“Data cleansing or data cleaning is the process of detecting and correcting (or removing) corrupt or inaccurate records from a record set, table, or database and refers to identifying incomplete, incorrect, inaccurate or irrelevant parts of the data and then replacing, modifying, or deleting the dirty or coarse data.”
- Data cleansing, Wikipedia
Working with unclean data can lead to ML models with poor performance, which can even go undetected in some scenarios. Datasets that contain duplicates may contaminate training data with the test data or vice versa, entries with missing values will lead models to misunderstand features and outliers will undermine the training process – leading your model to “learn” patterns that do not exist in reality.
While data cleaning in machine learning may not seem like the most “sexy” task, if you try to avoid or skip this step you risk creating useless models and wasting you and your team’s time. Thus, we recommend developing a thorough framework for dealing with this important stage and using tools and automation to reduce the unnecessary overhead.
Stages of Data Cleaning
Following are some of the central machine learning data cleaning steps
Duplicate entries are problematic for multiple reasons. First off, when an entry appears more than once, it receives a disproportionate weight during training. Thus models that succeed on frequent entries will look like they perform well, while in reality this is not the case. Additionally, duplicate entries can ruin the split between train, validation and test sets in cases where identical entries are not all in the same set. This can lead to biased performance estimates that will lead to disappointing models in production.
There are many possible causes for duplicate entries in databases such as processing steps that were rerun anywhere in the data pipeline. While the existence of duplicates can hurt the learning process greatly, it is relatively easy to fix. One option is to try to enforce columns to be unique whenever applicable. Another complementary option is to run a script to automatically detect and delete duplicate entries. Using pandas, this can be done easily with drop_duplicates functionality, as in the following code example:
df FirstName LastName PhoneNo 0 A B 1 1 A B 1 2 A B 2 df.drop_duplicates(subset=["FirstName", "LastName"]) FirstName LastName PhoneNo 0 A B 1
Removing irrelevant data
Data often comes from multiple sources, and there is a significant probability that a given table or database includes entries that do not really belong. In some cases filtering out outdated entries will be required, in others a more complex filtering of the data may be necessary.
Fixing structural errors
It is not uncommon to see tables, columns or values with similar names in a single database. Perhaps a data engineer slipped an underscore or a capital letter where it wasn’t meant to be, and now your data is a mess. Merging these objects will go a long way to making your data clean and ready for learning.

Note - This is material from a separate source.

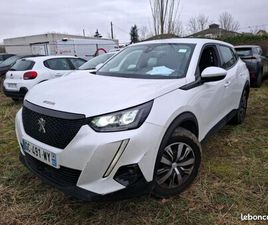 PEUGEOT 2008 1.5 BLUEHDI 130CH S&S ACTIVE BUSINESS EAT8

Outlier detection is a somewhat complex task. It requires a deeper understanding of what the data should look like, and when entries should be ignored because they are inaccurate. Imagine you have a real estate dataset and an extra digit was added to the price of a property. While this kind of error is very easy to make, it can greatly affect the model’s learning ability in a negative manner.
A first measure to detect unwanted outliers is to explore the ranges and possibilities for numerical and categorical data entries. For example, a negative number as the price of a car is definitely an unwanted outlier. Additionally, algorithms for outlier detection or anomaly detection such as KNN or isolation forrest can be used to detect and remove outliers automatically.
Handling missing data
Perhaps the most important of machine learning data cleaning steps is handling missing data. Missing values can be caused by online forms that were filled out with only required fields, or when versions of forms and tables are changed for example. In some cases, using the mean or most popular value for missing values is a good approach, for more crucial features, it might be worth disposing of the entire data entry.
Analyze a large chunk of data after the automatic cleaning process. What percentage of the entries were problematic? Were there annotation problems, missing values or missing labels? How about duplicate entries?
Getting a good estimate of the data quality before the learning process is a critical step on the way to creating quality ML models that is often overlooked.
In this post we tried to show why data cleaning is important in machine learning, along with some of the basic steps in the data cleaning process. The precise process can be a little different for each dataset, but many of the steps are relevant to all scenarios.